## [SUPPLIED DATA]
------------------------

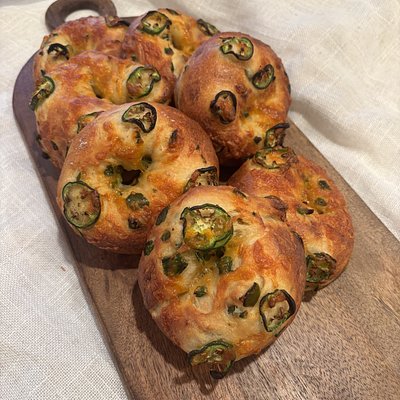 Sourdough Jalapeno Cheddar Bagels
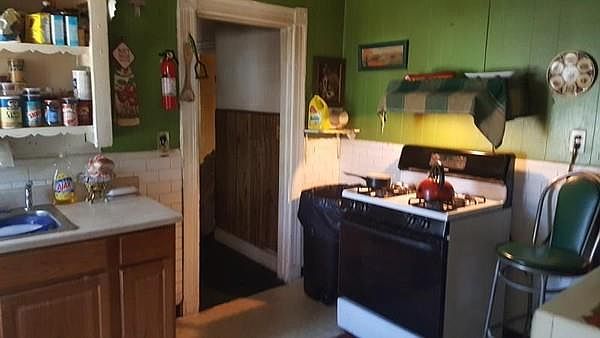 2nd image of 16 Middleton St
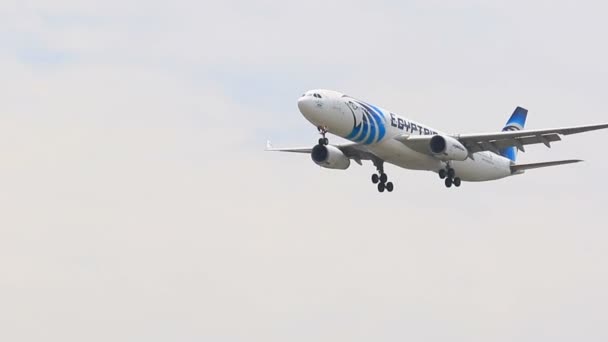Бангкок Тайланд Июня 2017 Года Самолет Авиакомпании Египет Приближается Посадке — стоковое видео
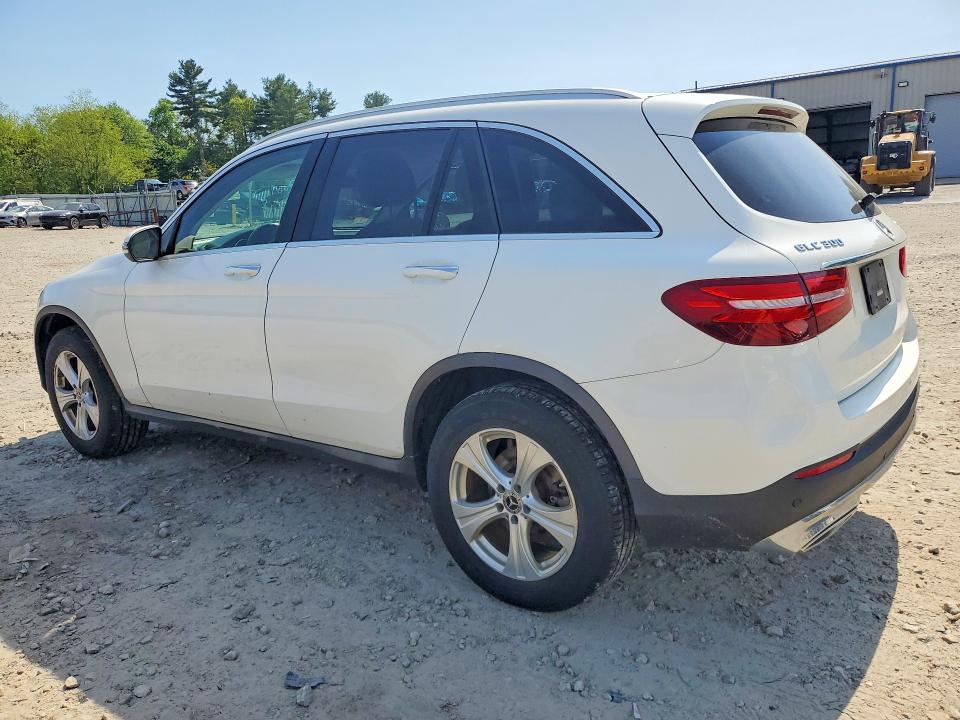 53943286 :رقم المزاد ، WDC0G4KBXJV040327 vin ، 2018 Mercedes-benz Glc مزاد بيع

------------------------

Repeat the material exactly. Skip the images.

## [SOLUTION FOR THIS TASK]
 Sourdough Jalapeno Cheddar Bagels
 2nd image of 16 Middleton St
Бангкок Тайланд Июня 2017 Года Самолет Авиакомпании Египет Приближается Посадке — стоковое видео
 53943286 :رقم المزاد ، WDC0G4KBXJV040327 vin ، 2018 Mercedes-benz Glc مزاد بيع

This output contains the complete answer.